To Joseph-Marie Degérando   17 septembre 1807

17 septembre [ou décembre] 1807

Mon cher ami, Je viens d'écrire à notre excellent ami 1 pour lui témoigner toute la joie que j'ai de l'accessit que l'Académie de Berlin a sûrement accordé à son Mémoire d'après la lettre que vous m'avez fait lire ce matin. Pendant que je lui écrivais, il m'est venu en pensée qu'une des plus belles et des plus importantes questions psychologiques, une de celles, peut-être, qui se lient le plus près à la morale, serait une question à peu près dans ce sens : Quelle est l'influence de l'activité propre de l'être sentant et pensant sur ses sensations, ses idées, ses jugements, ses déterminations et, en général, sur tous les phénomènes intellectuels et moraux qu'il présente ? Il me semble que c'est surtout en traitant une question semblable qu'on pourrait éclaircir les questions les plus importantes de la psychologie, soit sur la liberté métaphysique, sans paraître n'écrire que sur ce sujet qu'on regarde comme épuisé et qui est si loin de l'être, soit sur plusieurs autres points plus ou moins liés à celui-là et auxquels cette liaison donne un plus haut degré d'intérêt. J'ai pensé que, dans votre lettre à M. Ancillon, vous pourriez peut-être lui parler de cette question par matière de conversation et comme pensant que ce serait une de celles qui présenteraient le plus d'intérêt.

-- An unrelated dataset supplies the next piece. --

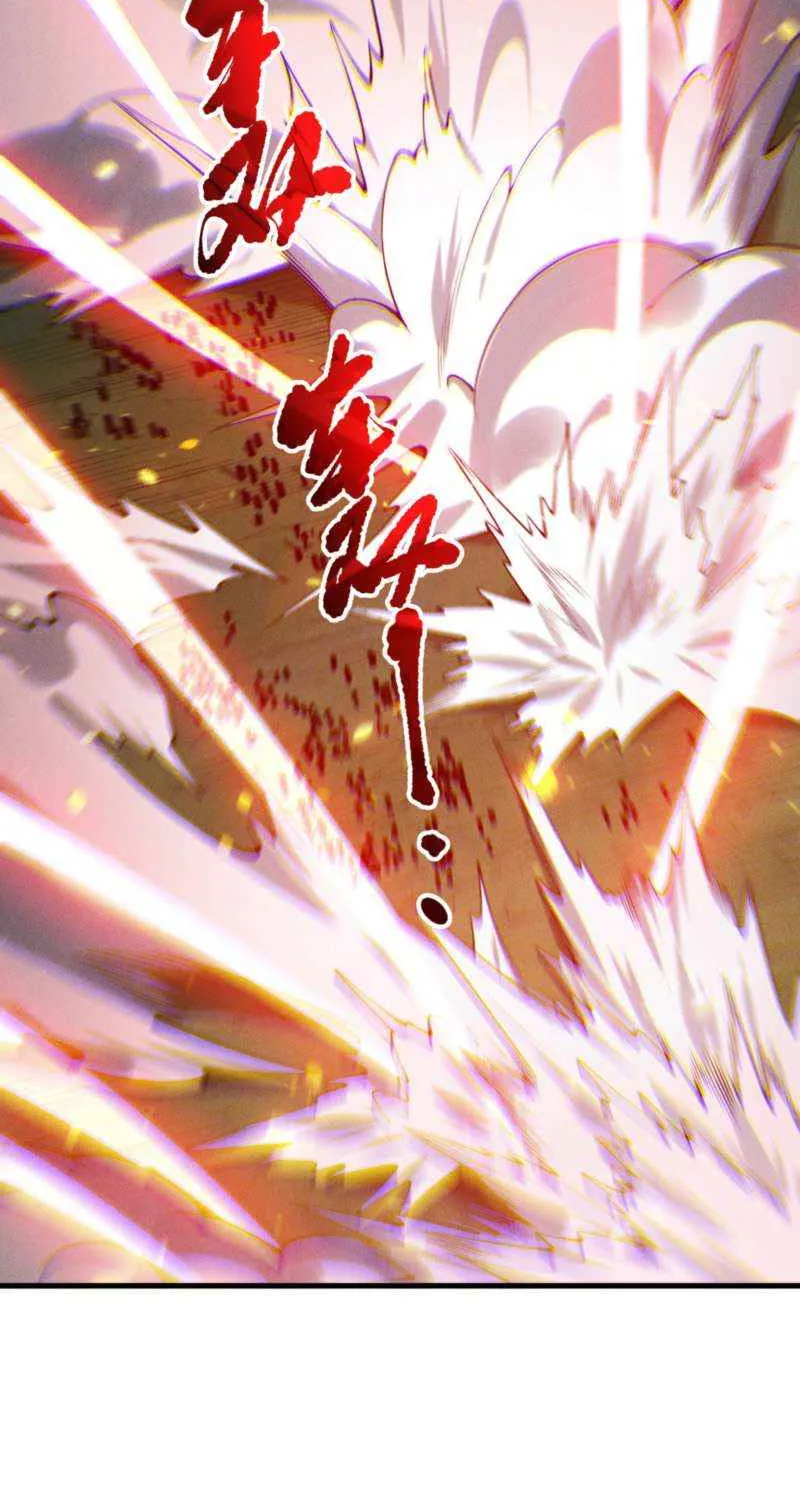 Catastrophic Necromancer Chapter 199 page 23 -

Trois motifs m'engagent à vous faire part de cette idée. L'Académie de Berlin est la seule en Europe qui propose des questions psychologiques. Il serait bien à désirer qu'elles donnassent lieu à revenir sur un point si important. Dans une des leçons du Dr Gall, j'ai vu un homme très respectable et dont le déisme (est) reconnu et la réputation d'une moralité dont personne ne doute, M. d. d. n., répondre en ces propres mots à ce qu'avait dit le docteur s'appuyant sur l'autorité de Bonnet, j'ai écrit sa phrase sur mon cahier de notes à mesure qu'il l'énonçait : Cela est vrai, on se décide d'après des motifs ; se déterminer contre les motifs ce serait absence de raison ; se déterminer contre les motifs serait folie. Opinion qui n'est pas tout à fait du fatalisme, mais qui y conduit par des conséquences que je crois rigoureuses, et qui est malheureusement adoptée aujourd'hui, je ne dirai pas par les idéologues, mais par beaucoup des plus gens de bien. Enfin, c'est mon troisième motif, il serait inutile de parler directement de la question sur la liberté ; c'est une question qu'on regarde comme usée, et plus scolastique que psychologique. L'Académie de Berlin ne la proposerait certainement pas ; mais celle que je vous ai indiquée paraît nouvelle, et dans le genre de celles que cette Académie propose ordinairement. Si vous pensez à cet égard comme moi, vous saurez assez prendre, dans votre lettre à M. Ancillon, le tour convenable pour le porter à suggérer cette question à l'Académie de Berlin.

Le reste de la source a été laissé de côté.